Las manos de Paula se posaron sobre su pecho y los dedos se enterraron en la fina capa de vello que lo cubría. Un tentador pulgar le frotó el pezón, estimulando múltiples terminaciones nerviosas que habían estado inactivas por demasiado tiempo.


Ni siquiera se habían besado y su erección ya se tensaba contra sus pantalones.


No importaba cuánto la deseara, él no apresuraría este momento. No, este era un momento para explorar, sentir, tocar, probar y experimentarlo con todo su ser.


Pedro inclinó la cabeza, apretó los labios contra el cuello de Paula y sintió su pulso que latía con fuerza. Mordisqueó, lamió y besó hasta llegar a su clavícula. Entonces, el cuerpo de Paula se amoldó al suyo.

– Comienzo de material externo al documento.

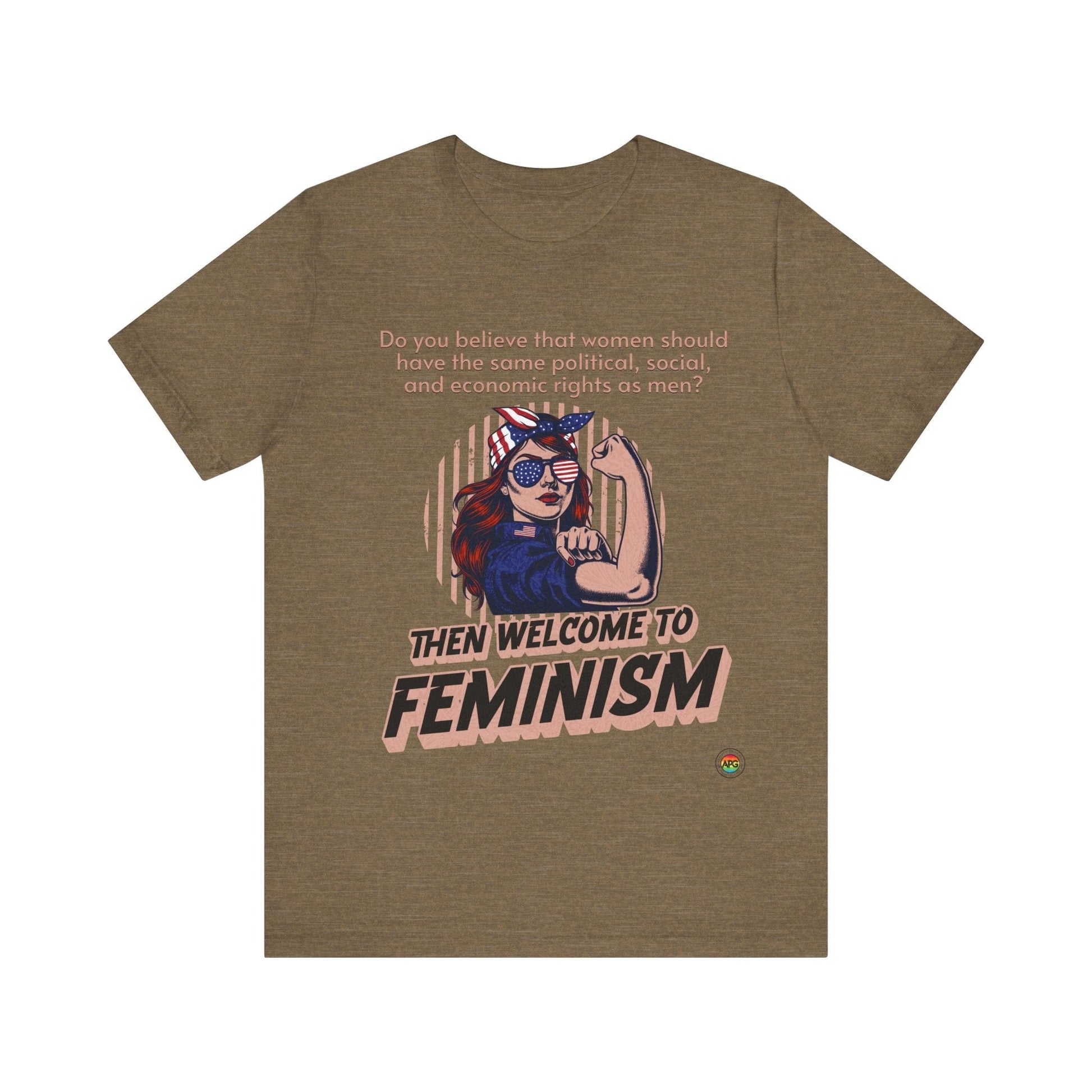 T-Shirt Feminism Unisex Tee Heather Olive / S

Pedro la envolvió en sus brazos. Sus labios se despegaron de aquella dulce piel y encontraron la boca de Paula, que gimió mientras la besaba, pero no hizo ningún movimiento para acelerar el momento. Era como si se hubieran puesto de acuerdo en no apresurarse, en hacer el amor lentamente, profundamente.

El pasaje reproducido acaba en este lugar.